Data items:
- - - -

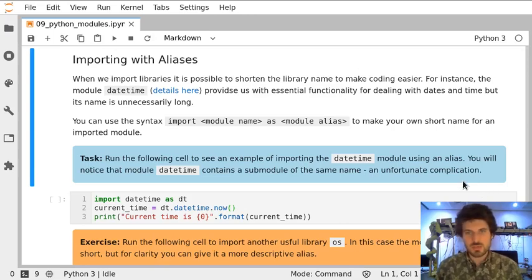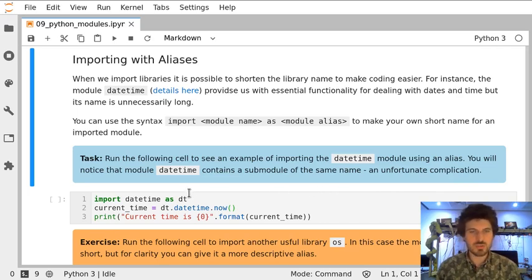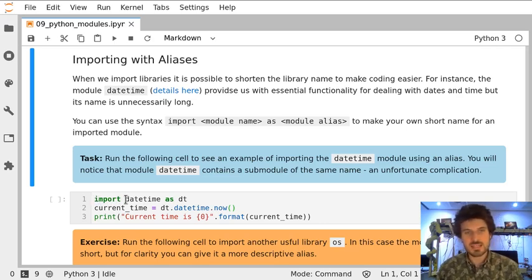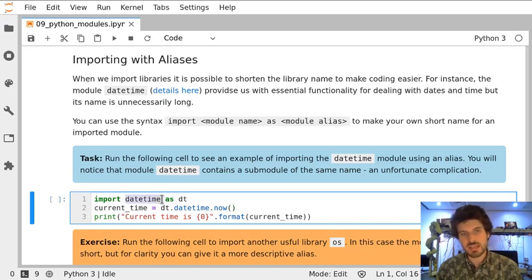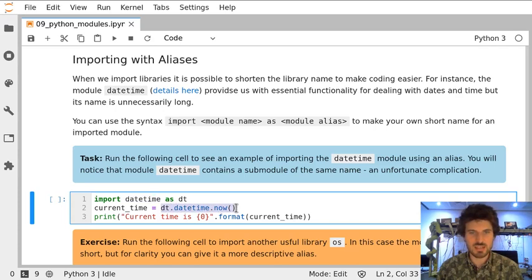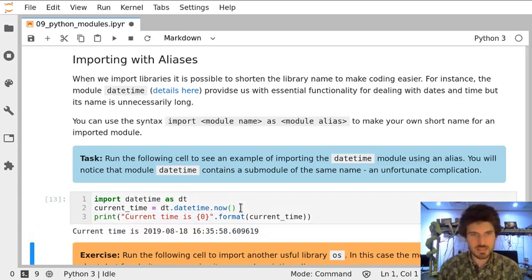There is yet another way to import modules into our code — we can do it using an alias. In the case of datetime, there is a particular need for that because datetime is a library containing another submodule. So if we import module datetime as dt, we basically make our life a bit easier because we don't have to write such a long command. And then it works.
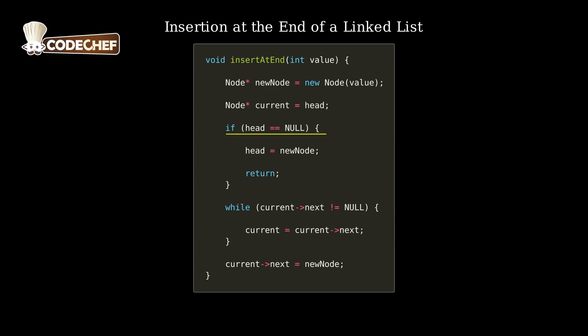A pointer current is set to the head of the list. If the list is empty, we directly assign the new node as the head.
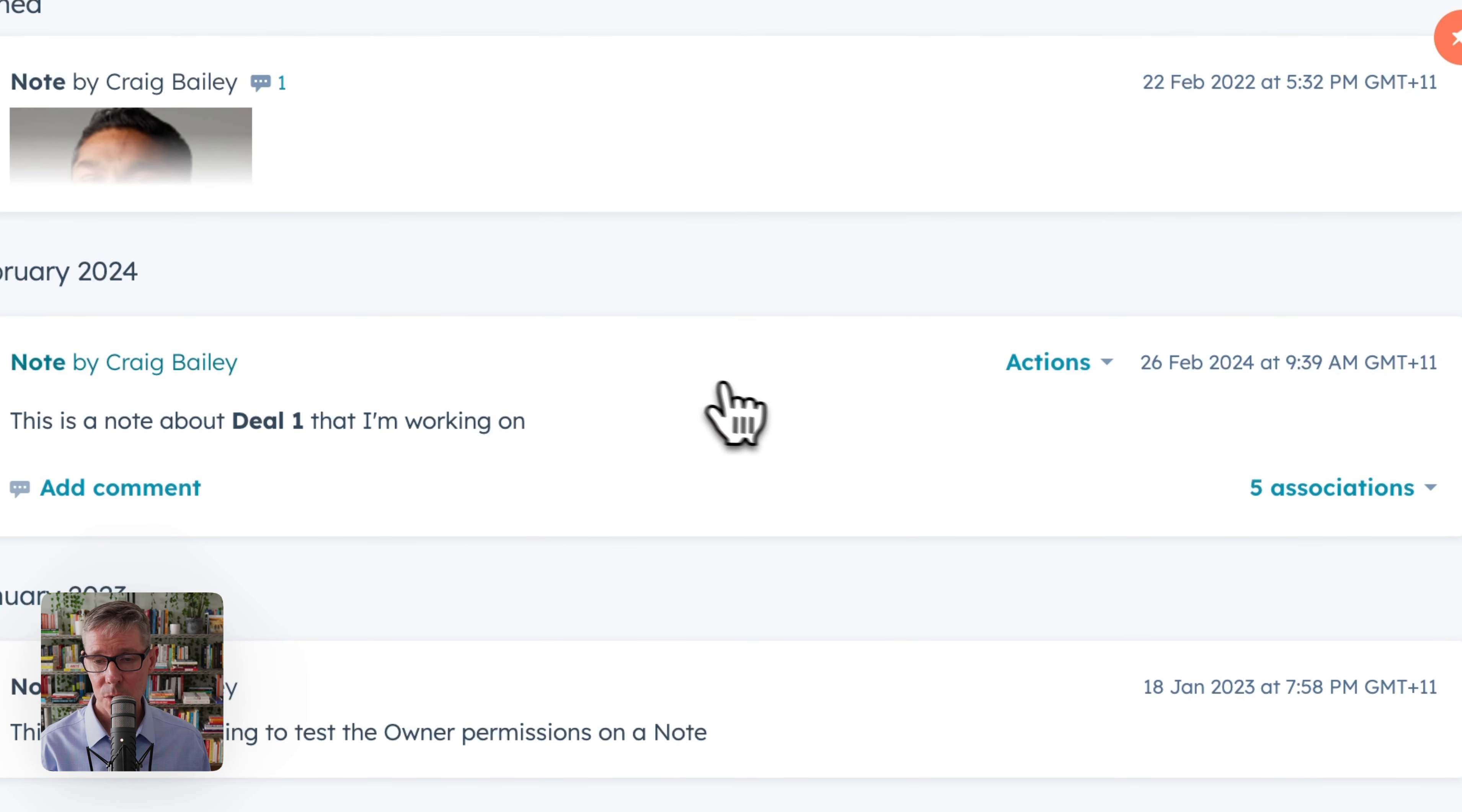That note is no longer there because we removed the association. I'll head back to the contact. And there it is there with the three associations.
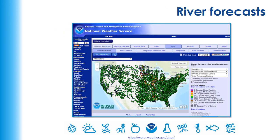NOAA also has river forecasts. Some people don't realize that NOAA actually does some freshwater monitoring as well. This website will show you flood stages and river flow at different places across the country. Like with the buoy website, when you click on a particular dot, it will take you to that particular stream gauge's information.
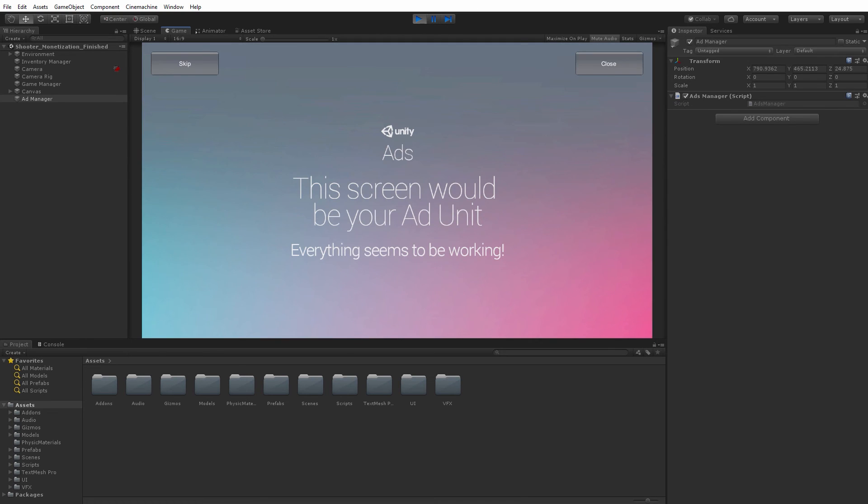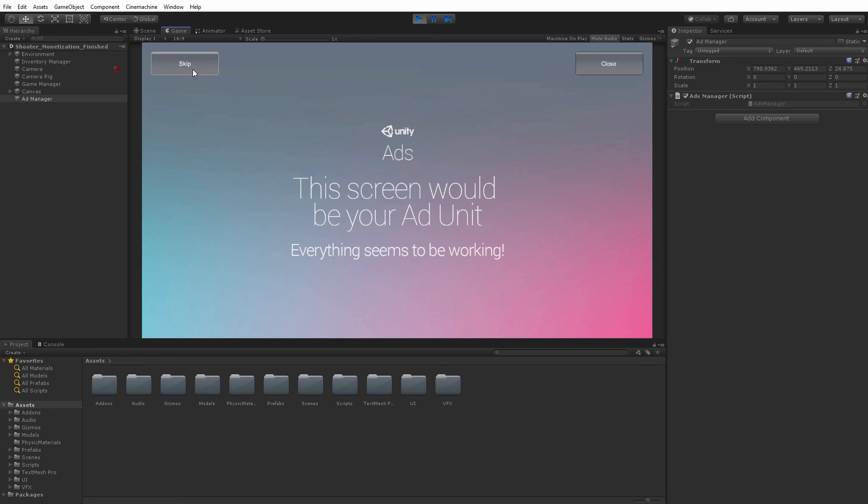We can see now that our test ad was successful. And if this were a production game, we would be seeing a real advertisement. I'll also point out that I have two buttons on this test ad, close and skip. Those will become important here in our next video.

- - - -

*Work order:*
All entries above, minus the pictures, should be repeated exactly.

*Solution:*
There is yet another way to import modules into our code — we can do it using an alias. In the case of datetime, there is a particular need for that because datetime is a library containing another submodule. So if we import module datetime as dt, we basically make our life a bit easier because we don't have to write such a long command. And then it works.
A pointer current is set to the head of the list. If the list is empty, we directly assign the new node as the head.
That note is no longer there because we removed the association. I'll head back to the contact. And there it is there with the three associations.
NOAA also has river forecasts. Some people don't realize that NOAA actually does some freshwater monitoring as well. This website will show you flood stages and river flow at different places across the country. Like with the buoy website, when you click on a particular dot, it will take you to that particular stream gauge's information.
We can see now that our test ad was successful. And if this were a production game, we would be seeing a real advertisement. I'll also point out that I have two buttons on this test ad, close and skip. Those will become important here in our next video.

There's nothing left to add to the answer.